● **WORK TO COMPLETE**
Where the string "Garden" shows up in a line of the records, copy that line.
** Opening INPUT block **
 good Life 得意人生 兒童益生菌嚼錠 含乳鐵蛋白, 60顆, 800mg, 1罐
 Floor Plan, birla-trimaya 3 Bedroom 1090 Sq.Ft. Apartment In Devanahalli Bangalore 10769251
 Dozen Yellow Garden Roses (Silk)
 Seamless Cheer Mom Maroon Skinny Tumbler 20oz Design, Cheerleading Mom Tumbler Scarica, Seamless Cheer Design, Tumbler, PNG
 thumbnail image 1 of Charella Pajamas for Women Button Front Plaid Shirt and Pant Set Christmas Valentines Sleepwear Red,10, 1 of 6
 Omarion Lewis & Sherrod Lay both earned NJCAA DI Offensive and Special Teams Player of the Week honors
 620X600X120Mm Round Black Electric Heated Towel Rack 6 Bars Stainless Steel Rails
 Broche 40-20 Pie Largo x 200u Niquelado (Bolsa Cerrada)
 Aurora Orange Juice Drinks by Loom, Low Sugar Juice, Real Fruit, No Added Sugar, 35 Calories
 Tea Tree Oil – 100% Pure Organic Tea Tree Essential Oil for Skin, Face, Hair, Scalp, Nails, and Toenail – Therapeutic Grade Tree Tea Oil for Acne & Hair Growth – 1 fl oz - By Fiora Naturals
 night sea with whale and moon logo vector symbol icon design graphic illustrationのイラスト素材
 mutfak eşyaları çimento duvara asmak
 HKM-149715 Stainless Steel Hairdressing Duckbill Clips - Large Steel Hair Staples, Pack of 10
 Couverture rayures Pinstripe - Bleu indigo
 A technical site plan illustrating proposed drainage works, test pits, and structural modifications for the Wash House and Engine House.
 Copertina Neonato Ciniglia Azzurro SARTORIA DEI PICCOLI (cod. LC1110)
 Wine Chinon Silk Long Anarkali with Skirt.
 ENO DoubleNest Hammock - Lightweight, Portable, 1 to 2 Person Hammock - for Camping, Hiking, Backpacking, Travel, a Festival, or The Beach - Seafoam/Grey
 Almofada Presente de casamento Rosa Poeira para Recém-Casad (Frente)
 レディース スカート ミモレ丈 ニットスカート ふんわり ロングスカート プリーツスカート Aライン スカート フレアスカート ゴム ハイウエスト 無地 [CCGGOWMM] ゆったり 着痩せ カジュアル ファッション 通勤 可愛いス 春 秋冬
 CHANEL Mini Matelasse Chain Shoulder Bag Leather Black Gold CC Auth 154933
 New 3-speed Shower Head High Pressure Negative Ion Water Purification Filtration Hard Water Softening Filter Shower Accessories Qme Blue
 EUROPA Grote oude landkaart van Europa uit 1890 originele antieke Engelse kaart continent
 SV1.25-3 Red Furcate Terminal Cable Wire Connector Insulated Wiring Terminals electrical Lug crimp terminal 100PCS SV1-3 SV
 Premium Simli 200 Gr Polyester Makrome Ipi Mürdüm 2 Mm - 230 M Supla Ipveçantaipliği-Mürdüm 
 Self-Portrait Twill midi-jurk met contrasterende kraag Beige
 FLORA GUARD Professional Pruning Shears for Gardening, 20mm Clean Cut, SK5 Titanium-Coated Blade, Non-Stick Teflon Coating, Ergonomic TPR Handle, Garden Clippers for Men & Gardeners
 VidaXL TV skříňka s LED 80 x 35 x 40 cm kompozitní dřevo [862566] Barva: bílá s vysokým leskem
** Closing INPUT block **
● **EXPECTED OUTPUT**
 Dozen Yellow Garden Roses (Silk)
 FLORA GUARD Professional Pruning Shears for Gardening, 20mm Clean Cut, SK5 Titanium-Coated Blade, Non-Stick Teflon Coating, Ergonomic TPR Handle, Garden Clippers for Men & Gardeners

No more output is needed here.